De marktgerichte aanpak van musea en andere culturele instellingen is succesvol, mogen we uit bovenstaande concluderen. De e-marketeers zijn echter nog niet tevreden: generatie en geld vormen de grote bottle-necks in het succes naar het virtuele museum. De oudere generatie bestuurders begrijpt het nut van internet soms niet, met als gevolg dat het communicatiebudget voornamelijk aan printmedia wordt besteed. En ja, musea worstelen nog regelmatig met de vraag in hoeverre je kunst mag bewerken tot marketing-instrument. Ook ontbreken de broodnodige marketing-gegevens over bezoekers wel eens. Toch worden hier ook grote stappen gezet.

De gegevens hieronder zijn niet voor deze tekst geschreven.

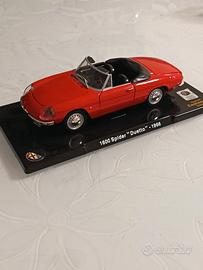 Alfa Romeo Duetto Spider 1966 scala 1:24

Zo biedt de Nederlandse Museumvereniging (NMV) door middel van de Museummonitor informatie aan de musea over het Nederlandse museumpubliek. Ook verzamelt zij met het klikgedrag van de sitebezoeker op museum.nl gegevens over het publiek. Voor de sitebezoeker biedt museum.nl o.a. een uitgebreide nieuwsbrief aan, die samen te stellen is op basis van op te geven interessegebieden. Maar liefst 9.000 cultuurminnaars zijn op deze nieuwsbrief geabonnneerd. Ook biedt de site allerlei andere functionaliteiten, zoals een routeplanner en de mogelijkheid om musea in de buurt van een ander museum te vinden.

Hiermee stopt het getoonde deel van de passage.